**Work request**
Only the text of the records belongs in the answer, copied exactly, with every picture omitted.

**Supplied data**
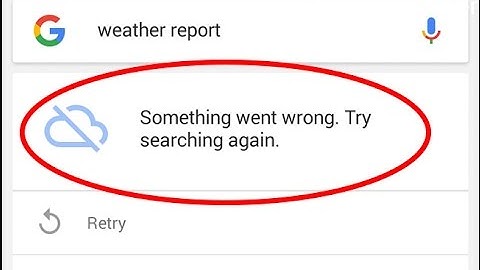 Fix Something went wrong.Try searching again|Can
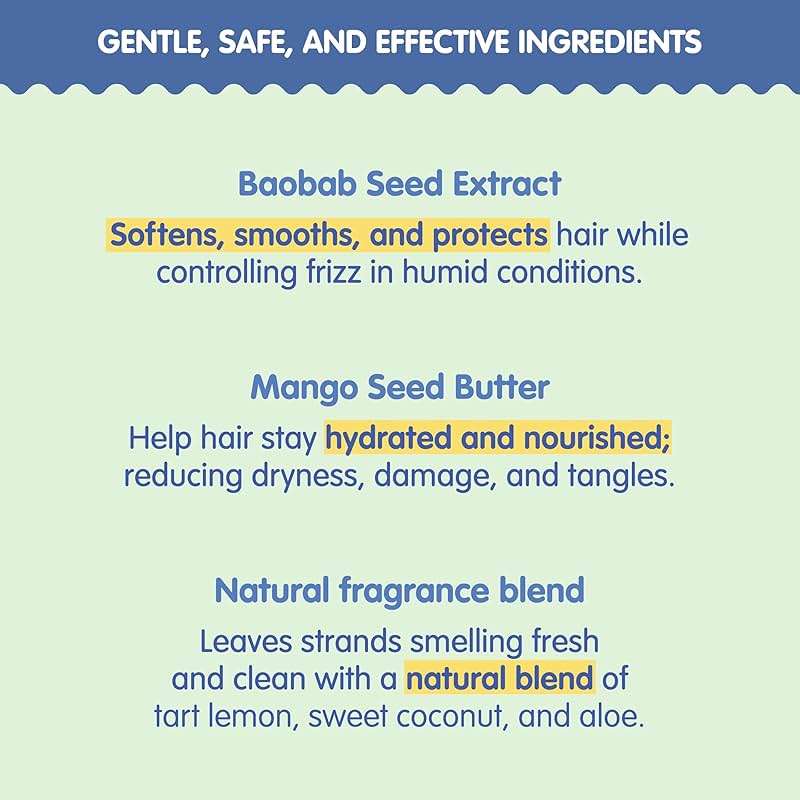 TUBBY TODD Hair Detangler Spray for Kids - Hair Detangling Spray with Baobab & Coconut Oil - Gentle & Moisturizing Kids Hair Detangler Spray - 8.5oz, 2 Pack - Lemon Crème - Image 3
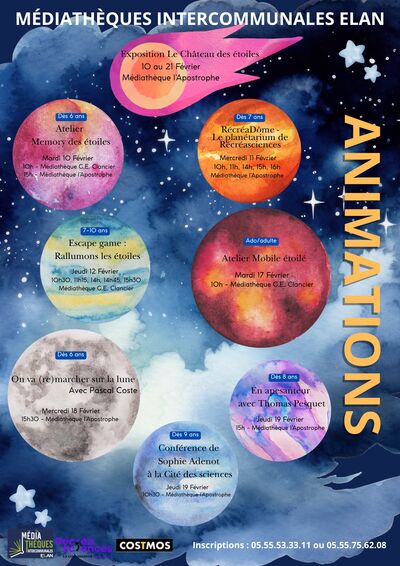 Affiche astronomie 2026 2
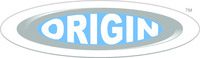 D-Link compatible transceiver SFP 1000Base-SX by Origin Storage, featuring a compact metal casing with a silver and blue design, suitable for high-speed network connections.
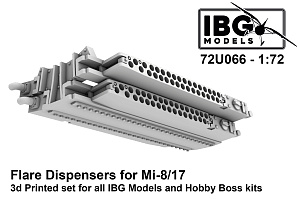 Дополнения из смолы 1/72 Факельные дозаторы Ми-8 и Ми-17 (для модели IBG и Hobby Boss)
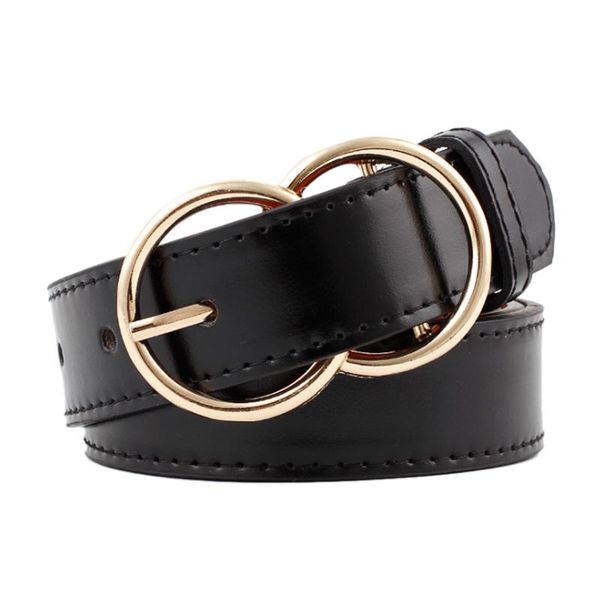 belts 110x2.9cm lady punk female gold double ring pin buckle leather belt for women trousers dress wide woman, Black;brown
belts 110x2.9cm lady punk female gold double ring pin buckle leather belt for women trousers dress wide woman, Black;brown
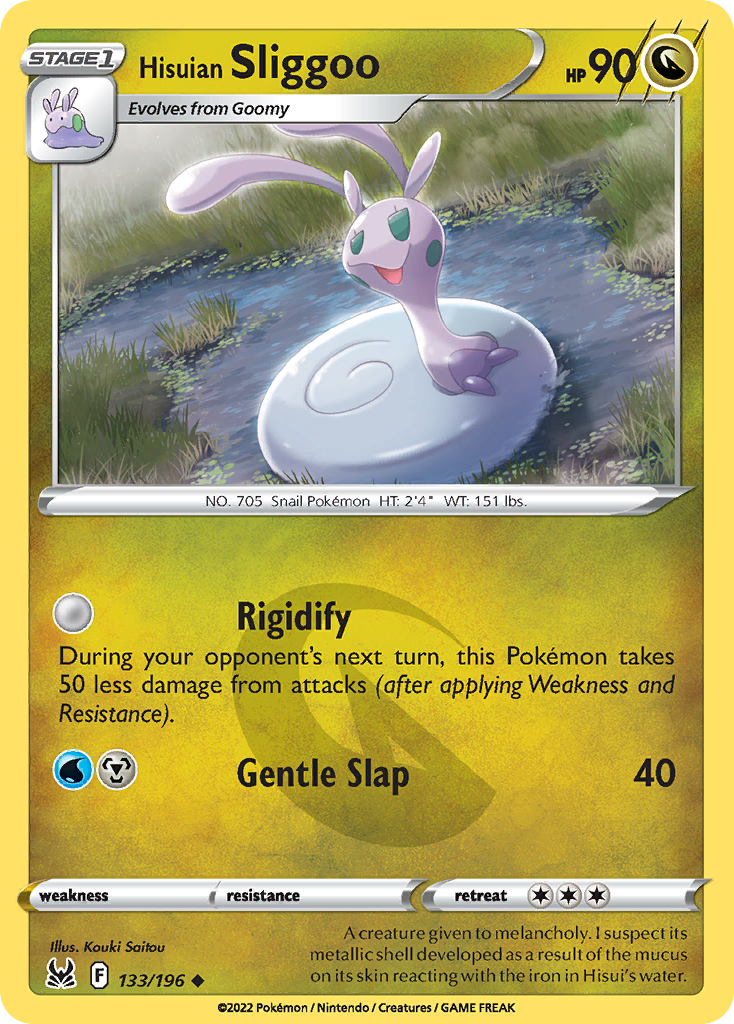 Hisuian Sliggoo — illustrated card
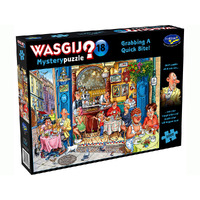 Holdson 1000pc WASGIJ? Mystery 18 Grabbing a Quick Bite! Jigsaw Puzzle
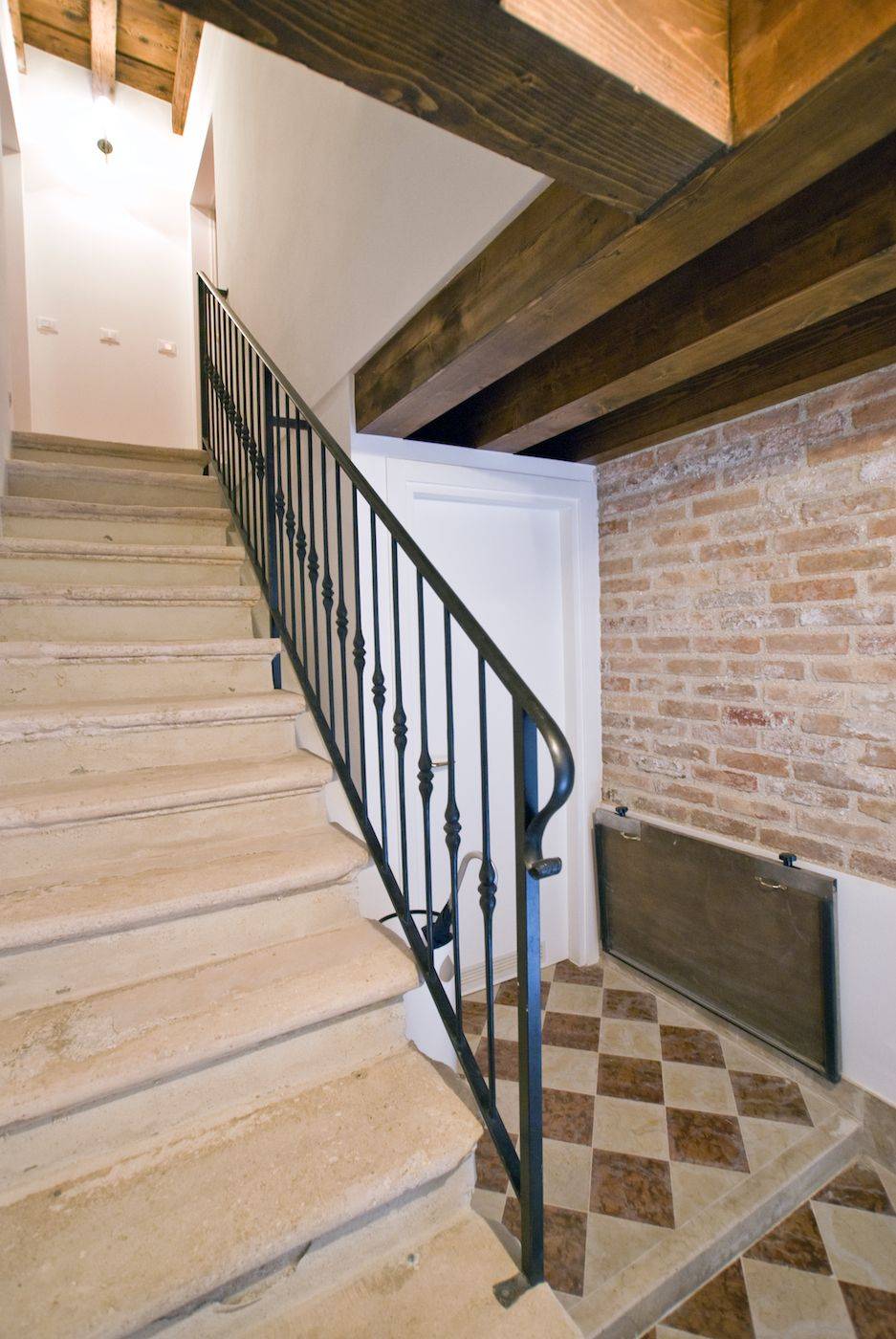 only one flight of stairs to reach the flat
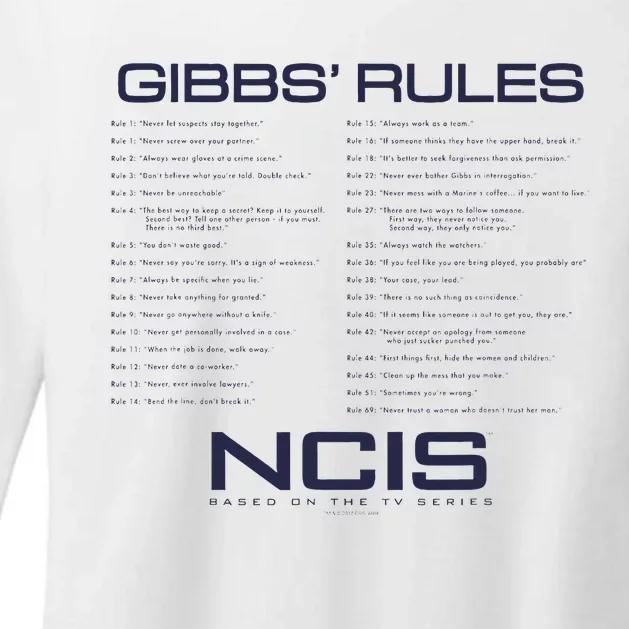 Nc.Is Gibbs Rules Womens CVC Long Sleeve Shirt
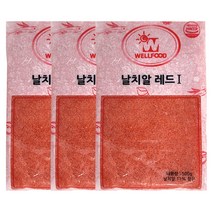 날치알 레드 500g 냉동 대용량 업소용 초밥재료 현이, 3팩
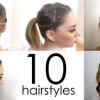 Easy everyday hairstyles for layered hair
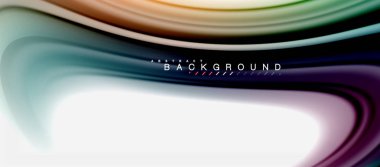 Gökkuşağı sıvı renk arka plan Bükülü sıvı tasarım, renkli mermer veya plastik dalgalı doku zemin, çok renkli şablonu için iş veya teknoloji sunu veya web broşür kapak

**Exercise solution**
 Fix Something went wrong.Try searching again|Can
 TUBBY TODD Hair Detangler Spray for Kids - Hair Detangling Spray with Baobab & Coconut Oil - Gentle & Moisturizing Kids Hair Detangler Spray - 8.5oz, 2 Pack - Lemon Crème - Image 3
 Affiche astronomie 2026 2
 D-Link compatible transceiver SFP 1000Base-SX by Origin Storage, featuring a compact metal casing with a silver and blue design, suitable for high-speed network connections.
 Дополнения из смолы 1/72 Факельные дозаторы Ми-8 и Ми-17 (для модели IBG и Hobby Boss)
 belts 110x2.9cm lady punk female gold double ring pin buckle leather belt for women trousers dress wide woman, Black;brown
belts 110x2.9cm lady punk female gold double ring pin buckle leather belt for women trousers dress wide woman, Black;brown
 Hisuian Sliggoo — illustrated card
 Holdson 1000pc WASGIJ? Mystery 18 Grabbing a Quick Bite! Jigsaw Puzzle
 only one flight of stairs to reach the flat
 Nc.Is Gibbs Rules Womens CVC Long Sleeve Shirt
 날치알 레드 500g 냉동 대용량 업소용 초밥재료 현이, 3팩
 Easy everyday hairstyles for layered hair
 Gökkuşağı sıvı renk arka plan Bükülü sıvı tasarım, renkli mermer veya plastik dalgalı doku zemin, çok renkli şablonu için iş veya teknoloji sunu veya web broşür kapak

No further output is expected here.